[[ Entries supplied, beginning ]]
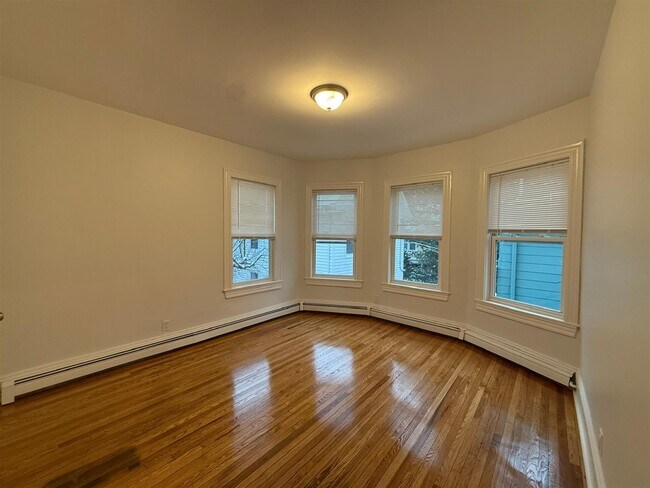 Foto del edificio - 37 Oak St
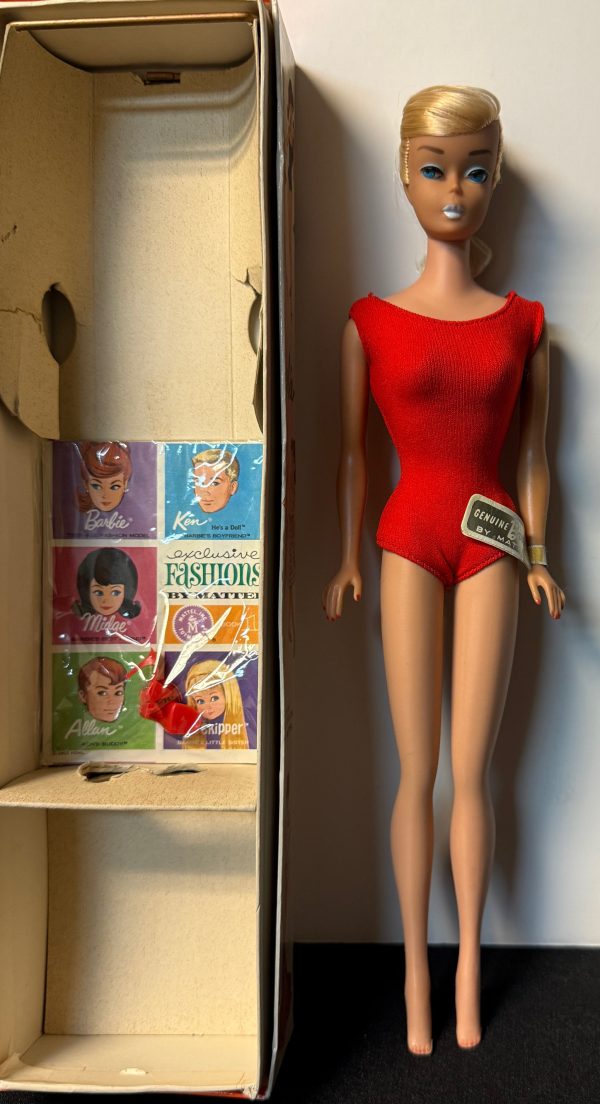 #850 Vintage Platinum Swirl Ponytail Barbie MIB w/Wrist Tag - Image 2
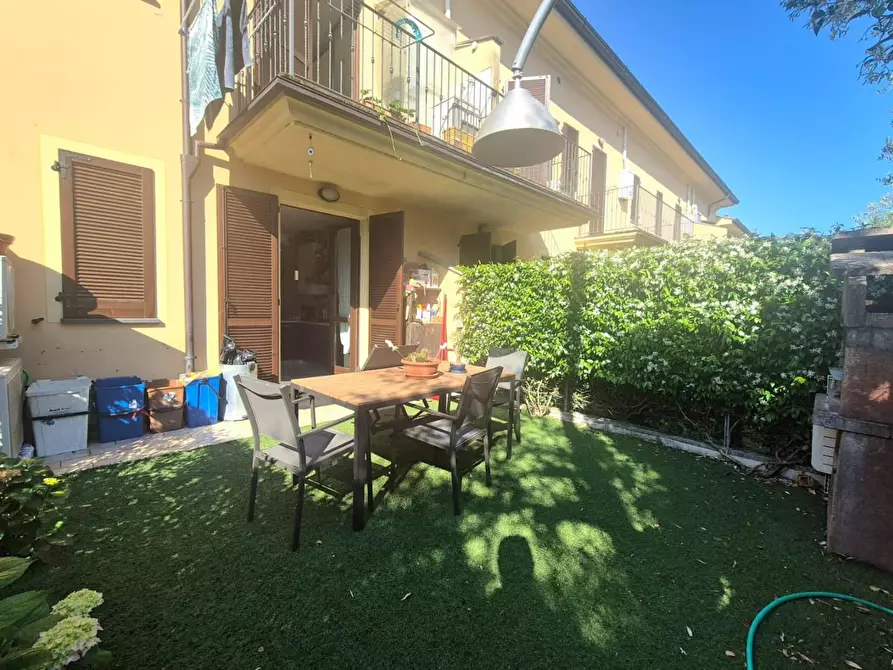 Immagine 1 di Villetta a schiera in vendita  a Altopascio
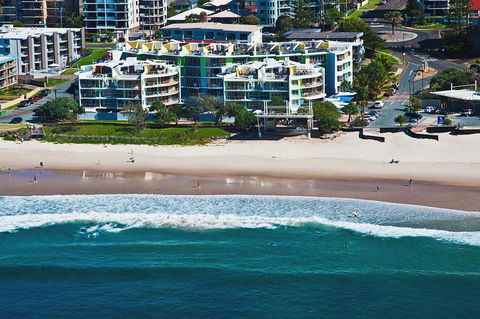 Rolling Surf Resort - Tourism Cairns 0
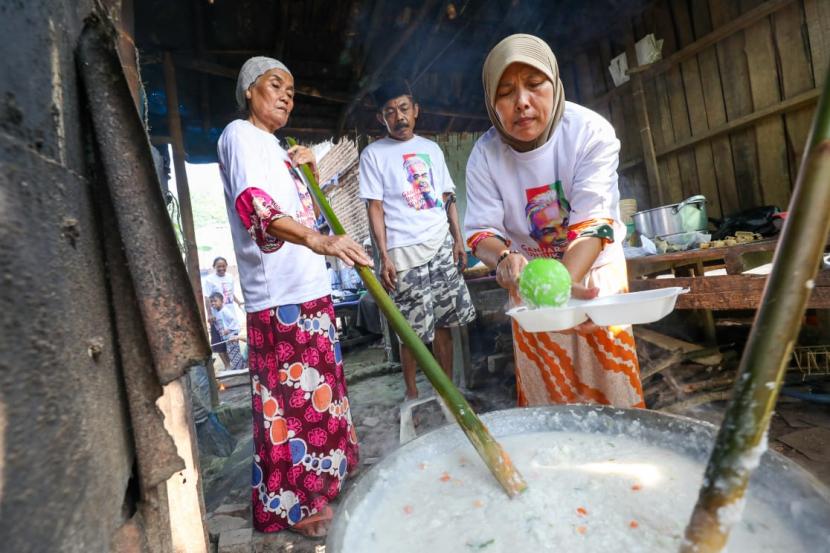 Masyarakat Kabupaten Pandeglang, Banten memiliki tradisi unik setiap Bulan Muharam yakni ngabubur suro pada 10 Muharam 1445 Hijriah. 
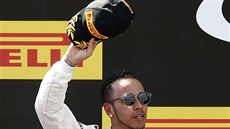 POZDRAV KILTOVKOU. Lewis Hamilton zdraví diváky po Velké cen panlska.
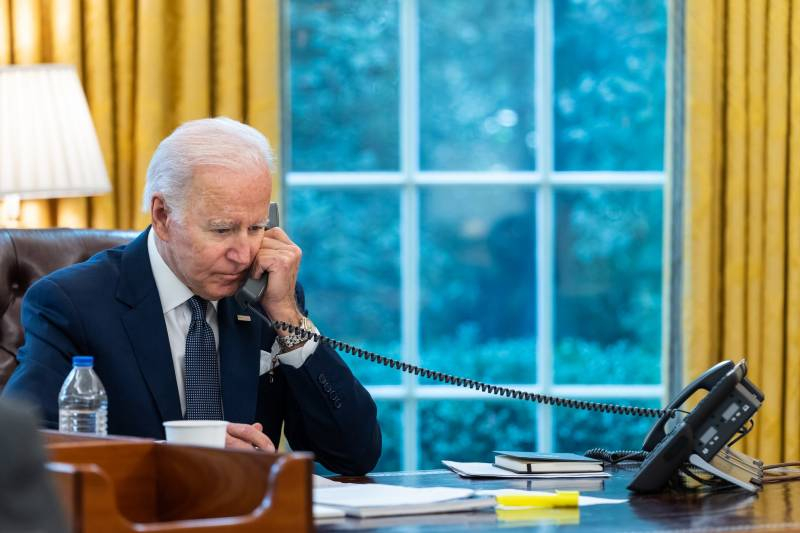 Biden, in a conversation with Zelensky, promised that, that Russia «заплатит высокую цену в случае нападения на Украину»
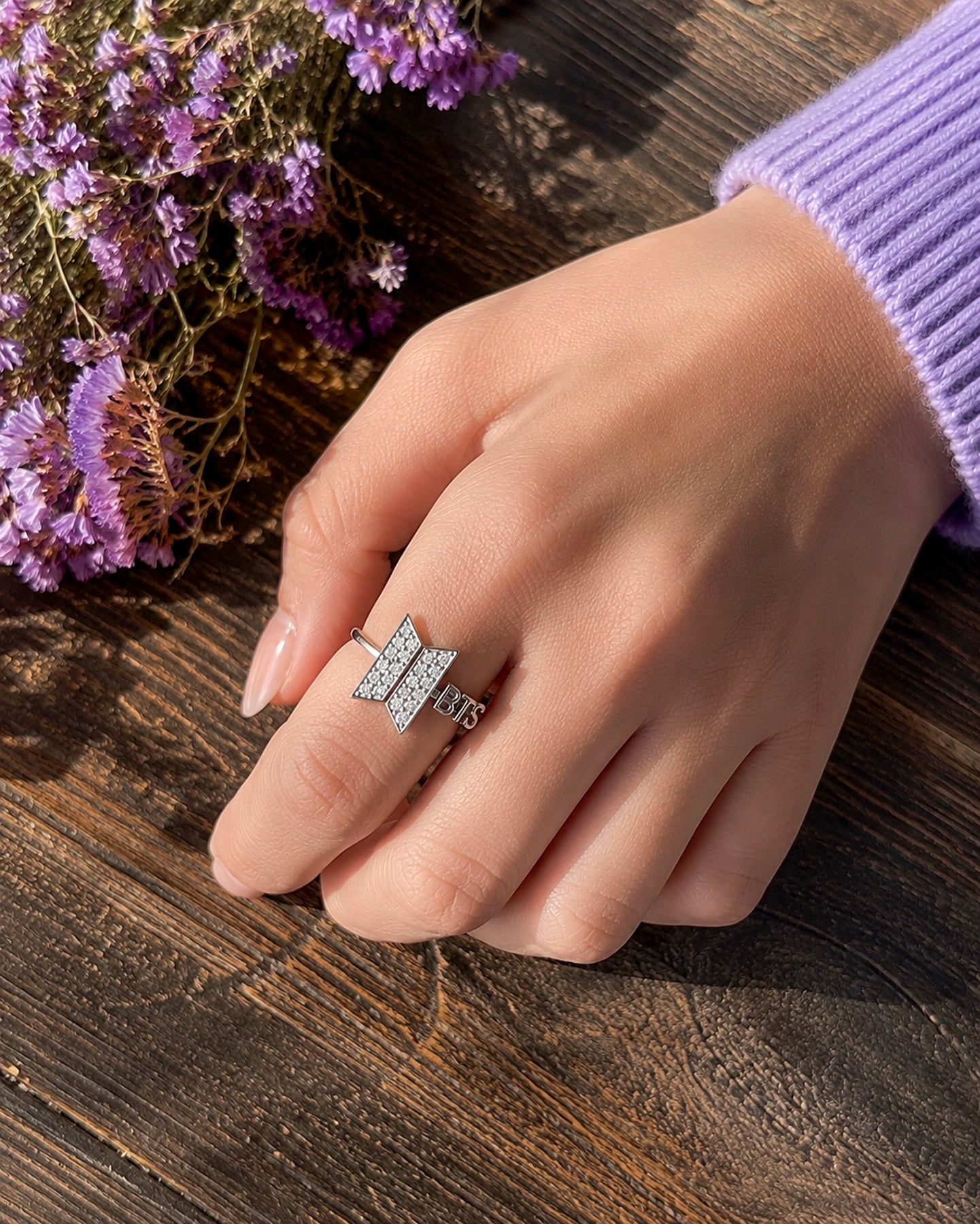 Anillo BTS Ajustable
[[ Entries supplied, end ]]
## Task details
Your copy should be the entries retyped exactly, with no images in it.

## Result for this task
 Foto del edificio - 37 Oak St
 #850 Vintage Platinum Swirl Ponytail Barbie MIB w/Wrist Tag - Image 2
 Immagine 1 di Villetta a schiera in vendita  a Altopascio
 Rolling Surf Resort - Tourism Cairns 0
 Masyarakat Kabupaten Pandeglang, Banten memiliki tradisi unik setiap Bulan Muharam yakni ngabubur suro pada 10 Muharam 1445 Hijriah. 
 POZDRAV KILTOVKOU. Lewis Hamilton zdraví diváky po Velké cen panlska.
 Biden, in a conversation with Zelensky, promised that, that Russia «заплатит высокую цену в случае нападения на Украину»
 Anillo BTS Ajustable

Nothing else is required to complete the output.